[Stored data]
Start of Block

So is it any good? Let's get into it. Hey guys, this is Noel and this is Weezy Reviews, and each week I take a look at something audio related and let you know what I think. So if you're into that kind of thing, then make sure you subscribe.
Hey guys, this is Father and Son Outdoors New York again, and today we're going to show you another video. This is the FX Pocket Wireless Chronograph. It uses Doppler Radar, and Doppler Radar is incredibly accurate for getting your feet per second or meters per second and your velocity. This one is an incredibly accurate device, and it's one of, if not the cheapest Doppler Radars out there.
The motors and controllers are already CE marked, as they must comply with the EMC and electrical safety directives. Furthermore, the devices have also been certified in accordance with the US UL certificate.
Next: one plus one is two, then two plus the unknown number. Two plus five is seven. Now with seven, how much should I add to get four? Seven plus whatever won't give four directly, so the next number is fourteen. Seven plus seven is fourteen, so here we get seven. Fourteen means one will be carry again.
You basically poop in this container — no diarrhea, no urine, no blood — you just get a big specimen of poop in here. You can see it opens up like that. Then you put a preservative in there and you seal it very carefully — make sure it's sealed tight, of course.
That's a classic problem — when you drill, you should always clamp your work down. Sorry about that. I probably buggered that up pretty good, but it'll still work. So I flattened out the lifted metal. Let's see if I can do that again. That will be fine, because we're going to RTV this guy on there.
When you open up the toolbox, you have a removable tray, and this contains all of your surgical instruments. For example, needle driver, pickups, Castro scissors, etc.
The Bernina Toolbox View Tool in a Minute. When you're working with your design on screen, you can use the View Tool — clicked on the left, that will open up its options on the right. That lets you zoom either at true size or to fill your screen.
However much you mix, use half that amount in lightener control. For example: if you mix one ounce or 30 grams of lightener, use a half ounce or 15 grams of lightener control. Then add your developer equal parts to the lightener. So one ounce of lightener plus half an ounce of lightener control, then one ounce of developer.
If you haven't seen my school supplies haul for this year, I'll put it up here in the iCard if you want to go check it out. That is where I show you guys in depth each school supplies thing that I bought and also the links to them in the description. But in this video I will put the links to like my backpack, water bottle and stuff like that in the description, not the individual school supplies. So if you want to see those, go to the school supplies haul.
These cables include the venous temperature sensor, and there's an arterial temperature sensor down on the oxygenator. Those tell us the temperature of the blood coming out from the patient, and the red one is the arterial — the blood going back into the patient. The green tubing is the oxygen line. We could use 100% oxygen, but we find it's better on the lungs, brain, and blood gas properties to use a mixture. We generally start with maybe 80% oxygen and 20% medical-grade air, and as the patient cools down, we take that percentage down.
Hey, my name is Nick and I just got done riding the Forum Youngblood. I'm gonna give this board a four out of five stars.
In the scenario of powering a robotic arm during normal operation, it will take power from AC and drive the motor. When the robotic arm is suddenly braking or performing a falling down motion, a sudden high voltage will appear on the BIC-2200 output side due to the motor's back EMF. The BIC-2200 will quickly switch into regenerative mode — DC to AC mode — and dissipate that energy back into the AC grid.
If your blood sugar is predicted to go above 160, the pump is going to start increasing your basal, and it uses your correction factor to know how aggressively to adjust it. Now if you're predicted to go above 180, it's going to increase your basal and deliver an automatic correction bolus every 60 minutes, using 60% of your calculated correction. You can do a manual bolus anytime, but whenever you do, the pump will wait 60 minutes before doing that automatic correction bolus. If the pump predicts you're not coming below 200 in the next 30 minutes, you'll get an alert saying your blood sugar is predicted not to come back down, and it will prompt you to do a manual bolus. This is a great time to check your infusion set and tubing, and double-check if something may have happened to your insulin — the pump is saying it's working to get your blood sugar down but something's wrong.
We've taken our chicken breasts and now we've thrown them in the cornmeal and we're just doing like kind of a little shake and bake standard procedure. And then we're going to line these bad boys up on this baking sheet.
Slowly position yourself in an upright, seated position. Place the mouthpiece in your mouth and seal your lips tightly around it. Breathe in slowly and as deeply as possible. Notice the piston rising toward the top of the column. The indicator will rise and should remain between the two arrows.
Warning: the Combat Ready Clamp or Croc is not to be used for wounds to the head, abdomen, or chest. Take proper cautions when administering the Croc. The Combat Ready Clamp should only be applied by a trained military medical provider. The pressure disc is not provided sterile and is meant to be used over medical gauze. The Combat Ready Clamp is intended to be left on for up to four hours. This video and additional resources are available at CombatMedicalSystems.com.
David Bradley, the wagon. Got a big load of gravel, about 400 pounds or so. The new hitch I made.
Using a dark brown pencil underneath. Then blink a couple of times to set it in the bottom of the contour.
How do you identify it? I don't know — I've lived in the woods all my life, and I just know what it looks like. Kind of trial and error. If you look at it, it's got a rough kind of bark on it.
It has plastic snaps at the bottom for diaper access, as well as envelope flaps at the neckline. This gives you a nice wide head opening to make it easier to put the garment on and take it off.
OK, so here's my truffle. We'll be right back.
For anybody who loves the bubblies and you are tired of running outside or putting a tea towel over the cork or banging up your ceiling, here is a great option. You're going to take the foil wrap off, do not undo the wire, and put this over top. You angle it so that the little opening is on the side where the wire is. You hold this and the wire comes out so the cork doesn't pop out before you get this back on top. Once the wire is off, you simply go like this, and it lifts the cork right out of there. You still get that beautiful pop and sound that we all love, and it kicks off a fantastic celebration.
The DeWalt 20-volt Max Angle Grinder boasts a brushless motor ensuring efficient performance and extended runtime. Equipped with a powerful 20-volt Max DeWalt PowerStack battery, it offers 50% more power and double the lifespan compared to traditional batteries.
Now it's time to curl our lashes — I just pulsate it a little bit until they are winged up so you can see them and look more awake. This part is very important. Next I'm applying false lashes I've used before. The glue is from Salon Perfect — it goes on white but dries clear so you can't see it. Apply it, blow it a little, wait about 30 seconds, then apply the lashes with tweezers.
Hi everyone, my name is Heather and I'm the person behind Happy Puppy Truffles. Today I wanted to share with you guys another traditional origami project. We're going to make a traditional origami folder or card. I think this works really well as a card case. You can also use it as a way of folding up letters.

End of Block

# Aim of the exercise:
Produce a word-for-word restatement of all the records.

# Result:
So is it any good? Let's get into it. Hey guys, this is Noel and this is Weezy Reviews, and each week I take a look at something audio related and let you know what I think. So if you're into that kind of thing, then make sure you subscribe.
Hey guys, this is Father and Son Outdoors New York again, and today we're going to show you another video. This is the FX Pocket Wireless Chronograph. It uses Doppler Radar, and Doppler Radar is incredibly accurate for getting your feet per second or meters per second and your velocity. This one is an incredibly accurate device, and it's one of, if not the cheapest Doppler Radars out there.
The motors and controllers are already CE marked, as they must comply with the EMC and electrical safety directives. Furthermore, the devices have also been certified in accordance with the US UL certificate.
Next: one plus one is two, then two plus the unknown number. Two plus five is seven. Now with seven, how much should I add to get four? Seven plus whatever won't give four directly, so the next number is fourteen. Seven plus seven is fourteen, so here we get seven. Fourteen means one will be carry again.
You basically poop in this container — no diarrhea, no urine, no blood — you just get a big specimen of poop in here. You can see it opens up like that. Then you put a preservative in there and you seal it very carefully — make sure it's sealed tight, of course.
That's a classic problem — when you drill, you should always clamp your work down. Sorry about that. I probably buggered that up pretty good, but it'll still work. So I flattened out the lifted metal. Let's see if I can do that again. That will be fine, because we're going to RTV this guy on there.
When you open up the toolbox, you have a removable tray, and this contains all of your surgical instruments. For example, needle driver, pickups, Castro scissors, etc.
The Bernina Toolbox View Tool in a Minute. When you're working with your design on screen, you can use the View Tool — clicked on the left, that will open up its options on the right. That lets you zoom either at true size or to fill your screen.
However much you mix, use half that amount in lightener control. For example: if you mix one ounce or 30 grams of lightener, use a half ounce or 15 grams of lightener control. Then add your developer equal parts to the lightener. So one ounce of lightener plus half an ounce of lightener control, then one ounce of developer.
If you haven't seen my school supplies haul for this year, I'll put it up here in the iCard if you want to go check it out. That is where I show you guys in depth each school supplies thing that I bought and also the links to them in the description. But in this video I will put the links to like my backpack, water bottle and stuff like that in the description, not the individual school supplies. So if you want to see those, go to the school supplies haul.
These cables include the venous temperature sensor, and there's an arterial temperature sensor down on the oxygenator. Those tell us the temperature of the blood coming out from the patient, and the red one is the arterial — the blood going back into the patient. The green tubing is the oxygen line. We could use 100% oxygen, but we find it's better on the lungs, brain, and blood gas properties to use a mixture. We generally start with maybe 80% oxygen and 20% medical-grade air, and as the patient cools down, we take that percentage down.
Hey, my name is Nick and I just got done riding the Forum Youngblood. I'm gonna give this board a four out of five stars.
In the scenario of powering a robotic arm during normal operation, it will take power from AC and drive the motor. When the robotic arm is suddenly braking or performing a falling down motion, a sudden high voltage will appear on the BIC-2200 output side due to the motor's back EMF. The BIC-2200 will quickly switch into regenerative mode — DC to AC mode — and dissipate that energy back into the AC grid.
If your blood sugar is predicted to go above 160, the pump is going to start increasing your basal, and it uses your correction factor to know how aggressively to adjust it. Now if you're predicted to go above 180, it's going to increase your basal and deliver an automatic correction bolus every 60 minutes, using 60% of your calculated correction. You can do a manual bolus anytime, but whenever you do, the pump will wait 60 minutes before doing that automatic correction bolus. If the pump predicts you're not coming below 200 in the next 30 minutes, you'll get an alert saying your blood sugar is predicted not to come back down, and it will prompt you to do a manual bolus. This is a great time to check your infusion set and tubing, and double-check if something may have happened to your insulin — the pump is saying it's working to get your blood sugar down but something's wrong.
We've taken our chicken breasts and now we've thrown them in the cornmeal and we're just doing like kind of a little shake and bake standard procedure. And then we're going to line these bad boys up on this baking sheet.
Slowly position yourself in an upright, seated position. Place the mouthpiece in your mouth and seal your lips tightly around it. Breathe in slowly and as deeply as possible. Notice the piston rising toward the top of the column. The indicator will rise and should remain between the two arrows.
Warning: the Combat Ready Clamp or Croc is not to be used for wounds to the head, abdomen, or chest. Take proper cautions when administering the Croc. The Combat Ready Clamp should only be applied by a trained military medical provider. The pressure disc is not provided sterile and is meant to be used over medical gauze. The Combat Ready Clamp is intended to be left on for up to four hours. This video and additional resources are available at CombatMedicalSystems.com.
David Bradley, the wagon. Got a big load of gravel, about 400 pounds or so. The new hitch I made.
Using a dark brown pencil underneath. Then blink a couple of times to set it in the bottom of the contour.
How do you identify it? I don't know — I've lived in the woods all my life, and I just know what it looks like. Kind of trial and error. If you look at it, it's got a rough kind of bark on it.
It has plastic snaps at the bottom for diaper access, as well as envelope flaps at the neckline. This gives you a nice wide head opening to make it easier to put the garment on and take it off.
OK, so here's my truffle. We'll be right back.
For anybody who loves the bubblies and you are tired of running outside or putting a tea towel over the cork or banging up your ceiling, here is a great option. You're going to take the foil wrap off, do not undo the wire, and put this over top. You angle it so that the little opening is on the side where the wire is. You hold this and the wire comes out so the cork doesn't pop out before you get this back on top. Once the wire is off, you simply go like this, and it lifts the cork right out of there. You still get that beautiful pop and sound that we all love, and it kicks off a fantastic celebration.
The DeWalt 20-volt Max Angle Grinder boasts a brushless motor ensuring efficient performance and extended runtime. Equipped with a powerful 20-volt Max DeWalt PowerStack battery, it offers 50% more power and double the lifespan compared to traditional batteries.
Now it's time to curl our lashes — I just pulsate it a little bit until they are winged up so you can see them and look more awake. This part is very important. Next I'm applying false lashes I've used before. The glue is from Salon Perfect — it goes on white but dries clear so you can't see it. Apply it, blow it a little, wait about 30 seconds, then apply the lashes with tweezers.
Hi everyone, my name is Heather and I'm the person behind Happy Puppy Truffles. Today I wanted to share with you guys another traditional origami project. We're going to make a traditional origami folder or card. I think this works really well as a card case. You can also use it as a way of folding up letters.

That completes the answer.